- What is needed:
Restate word for word the lines beginning with the one that contains "分数线丨2019年延边大学各省录取分数线" and ending at the bottom of the records below, both included.

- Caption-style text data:
━━━━━━━━━━━━━━━━━━━━
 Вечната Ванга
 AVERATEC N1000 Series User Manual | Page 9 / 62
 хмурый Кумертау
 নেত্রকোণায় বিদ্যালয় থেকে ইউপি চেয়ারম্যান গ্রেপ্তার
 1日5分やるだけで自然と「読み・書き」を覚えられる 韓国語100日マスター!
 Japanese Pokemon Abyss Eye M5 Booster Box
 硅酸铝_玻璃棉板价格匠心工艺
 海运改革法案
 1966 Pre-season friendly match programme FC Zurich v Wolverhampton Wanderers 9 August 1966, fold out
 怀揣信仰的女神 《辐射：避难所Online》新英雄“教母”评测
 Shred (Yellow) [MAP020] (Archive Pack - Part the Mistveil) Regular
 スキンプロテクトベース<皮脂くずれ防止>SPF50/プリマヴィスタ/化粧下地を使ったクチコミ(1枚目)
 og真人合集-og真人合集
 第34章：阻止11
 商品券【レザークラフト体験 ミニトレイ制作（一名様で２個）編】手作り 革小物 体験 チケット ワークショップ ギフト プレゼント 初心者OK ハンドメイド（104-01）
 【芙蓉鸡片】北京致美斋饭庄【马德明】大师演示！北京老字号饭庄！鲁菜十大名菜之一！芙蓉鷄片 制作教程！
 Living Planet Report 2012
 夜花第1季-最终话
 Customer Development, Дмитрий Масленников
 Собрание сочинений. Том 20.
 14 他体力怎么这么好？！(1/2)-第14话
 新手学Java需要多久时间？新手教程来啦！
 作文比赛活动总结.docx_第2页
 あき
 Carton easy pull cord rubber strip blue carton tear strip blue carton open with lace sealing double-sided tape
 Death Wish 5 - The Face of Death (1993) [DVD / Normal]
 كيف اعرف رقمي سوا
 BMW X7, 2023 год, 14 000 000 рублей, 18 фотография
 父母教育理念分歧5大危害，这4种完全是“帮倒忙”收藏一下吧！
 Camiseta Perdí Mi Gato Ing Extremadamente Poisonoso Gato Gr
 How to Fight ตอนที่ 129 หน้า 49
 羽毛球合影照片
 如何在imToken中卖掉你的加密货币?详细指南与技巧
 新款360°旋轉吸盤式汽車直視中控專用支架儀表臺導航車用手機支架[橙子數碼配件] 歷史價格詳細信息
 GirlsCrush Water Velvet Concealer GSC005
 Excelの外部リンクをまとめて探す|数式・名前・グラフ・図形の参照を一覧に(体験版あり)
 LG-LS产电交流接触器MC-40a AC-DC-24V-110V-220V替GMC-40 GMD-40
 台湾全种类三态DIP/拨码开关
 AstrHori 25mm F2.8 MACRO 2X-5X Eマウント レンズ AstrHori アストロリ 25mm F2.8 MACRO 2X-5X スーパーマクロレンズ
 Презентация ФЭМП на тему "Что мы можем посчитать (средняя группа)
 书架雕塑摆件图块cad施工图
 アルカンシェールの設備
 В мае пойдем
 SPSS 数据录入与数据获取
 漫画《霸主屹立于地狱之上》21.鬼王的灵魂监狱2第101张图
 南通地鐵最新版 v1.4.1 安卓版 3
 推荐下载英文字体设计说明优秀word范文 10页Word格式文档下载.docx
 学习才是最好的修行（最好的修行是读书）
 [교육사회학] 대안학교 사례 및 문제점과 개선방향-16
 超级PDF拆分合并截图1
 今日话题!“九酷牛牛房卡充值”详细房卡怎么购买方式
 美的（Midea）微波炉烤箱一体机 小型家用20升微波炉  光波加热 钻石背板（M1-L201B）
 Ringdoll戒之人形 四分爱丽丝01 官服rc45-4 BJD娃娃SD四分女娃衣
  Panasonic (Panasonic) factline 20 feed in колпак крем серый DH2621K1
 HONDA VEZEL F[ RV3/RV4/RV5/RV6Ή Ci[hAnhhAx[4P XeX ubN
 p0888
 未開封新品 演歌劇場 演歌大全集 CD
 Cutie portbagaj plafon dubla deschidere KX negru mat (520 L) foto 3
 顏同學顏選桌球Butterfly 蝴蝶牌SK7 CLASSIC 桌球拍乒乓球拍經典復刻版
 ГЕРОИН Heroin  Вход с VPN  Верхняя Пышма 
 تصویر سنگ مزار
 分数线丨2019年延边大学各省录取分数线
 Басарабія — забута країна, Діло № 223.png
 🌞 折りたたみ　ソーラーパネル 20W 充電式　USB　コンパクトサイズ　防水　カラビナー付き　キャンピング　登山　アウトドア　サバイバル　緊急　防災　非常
━━━━━━━━━━━━━━━━━━━━
- Answer below:
 分数线丨2019年延边大学各省录取分数线
 Басарабія — забута країна, Діло № 223.png
 🌞 折りたたみ　ソーラーパネル 20W 充電式　USB　コンパクトサイズ　防水　カラビナー付き　キャンピング　登山　アウトドア　サバイバル　緊急　防災　非常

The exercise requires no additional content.